After you have passed the booth, the traffic funnels with very little order and no road markings, but thankfully it’s usually only a handful of cars at a time, so relatively easy to navigate, but it’s something to be aware of. Also note that most tolls do not give change and so you must have exact cash.
Florida Tolls: Is it Worth Getting a Sun Pass?
Sun Passes, or similar, are a prepaid option for toll roads. Nearly every car hire company will try to up-sell this to you. Do not accept a Sun Pass unless you plan on doing an awful lot of driving. Tolls range from 50c to $2 in Florida, and unless you’re driving a long way everyday, you will never use as much in cash as you will pay for a Sun Pass (despite what the Agent tells you). We recommend changing a $20 into coins on the day of arrival and paying as you go.
Florida Driving Laws & The Police
As with anywhere in the world, stay within the speed limit and be sensible and safe, and there should be no issues or run-ins with the police.
Little confession of ours. The first time we arrived in Florida and got behind the wheel, we must have looked like a drunk driver as we got pulled over just 10 minutes after leaving the airport. The Police Officer was very friendly, understood we were tourists, gave us some instructions and let us be on our way. I’d like to say it would always be this way, but just remember to keep your whits about you and don’t give the police any reason to issue any tickets.
An important law to be aware of when driving in Florida is that when you’re in the lane next to the hard shoulder, if there’s a police car in the hard shoulder, you must move in to the next lane.

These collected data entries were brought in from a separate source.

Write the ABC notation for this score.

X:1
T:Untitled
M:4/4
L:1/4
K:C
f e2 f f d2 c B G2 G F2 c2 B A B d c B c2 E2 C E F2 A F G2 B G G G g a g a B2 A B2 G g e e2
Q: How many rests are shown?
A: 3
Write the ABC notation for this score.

In other words, you need to give a police car, or a broken down vehicle, plenty of space and move out of the nearby lane. Failure to do so is breaking the law.
The Price of Fuel in Florida
If you’re from the UK, you’re going to be very pleasantly surprised by the price of fuel (gas) in Florida. We won’t quote exact prices per gallon, as obviously it can fluctuate, but we’ll use our experience as an example.

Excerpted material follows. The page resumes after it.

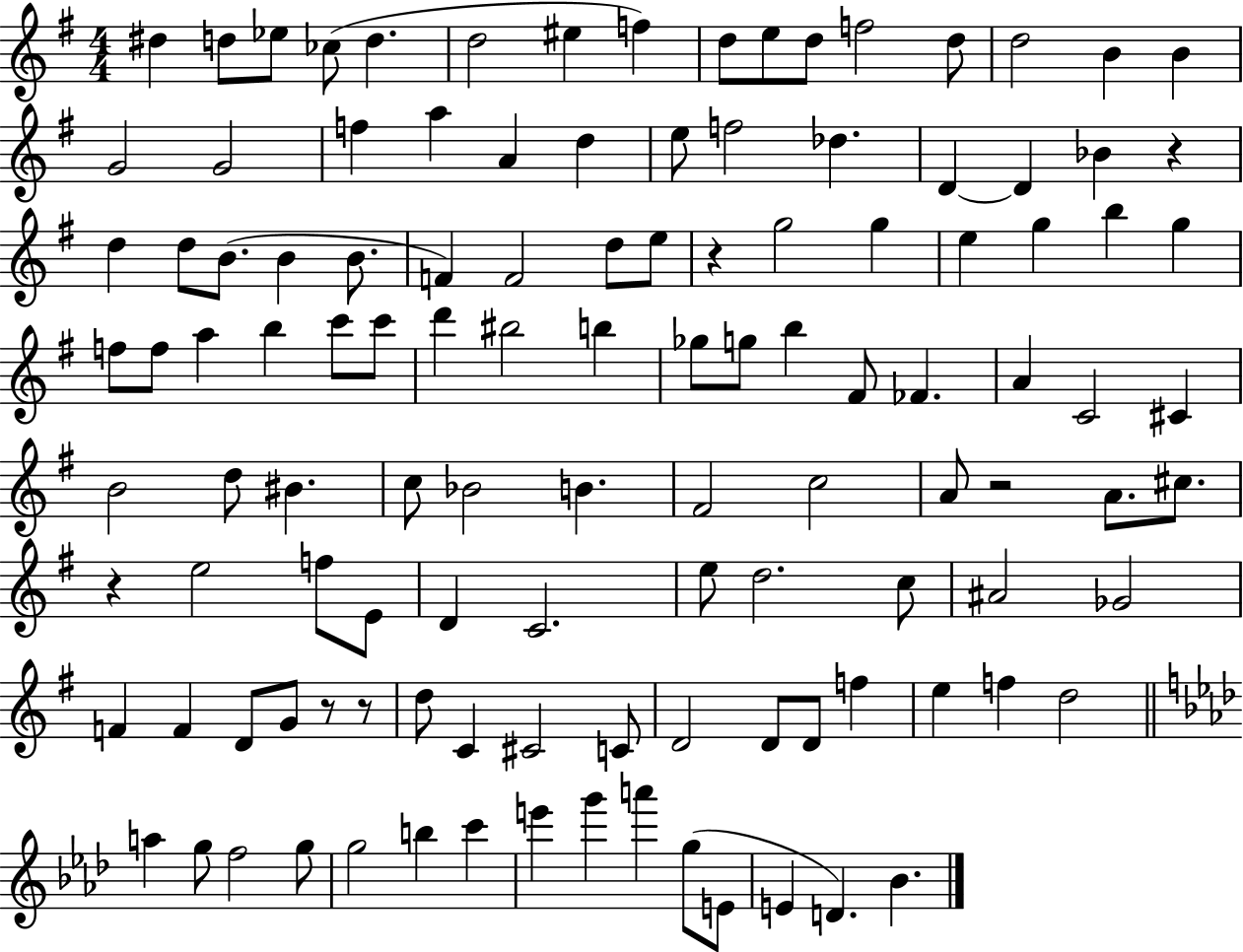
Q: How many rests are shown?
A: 6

On 3 separate trips to Florida, driving a cross-over sized car, we never paid more than $25 to fill the tank. We drive around 800-1,000 miles every time we visit, and we only have to fill the car twice for a grand total of $50. It’s very, very cheap, and this should be factored into the argument of whether it’s cheaper to hire a car or pay for cabs.
When using a gas station, you pull up at your spot and you go inside to pay for your gas before you pump it. You won’t be able to go over, so if you pay $20, the pump will stop at $20. If you use less than what you’ve paid, you will get a refund.
You’re Ready to Go
That concludes our guide to driving and car hire in Florida. Of course, this is a brief overview of the roads and rules in Florida, and there’s more to it. We’ve highlighted some of the quickest, easiest and most convenient points.
We recommend that you do more research into the rules of the road in Florida so that you feel comfortable enough to get behind the wheel by the time you arrive.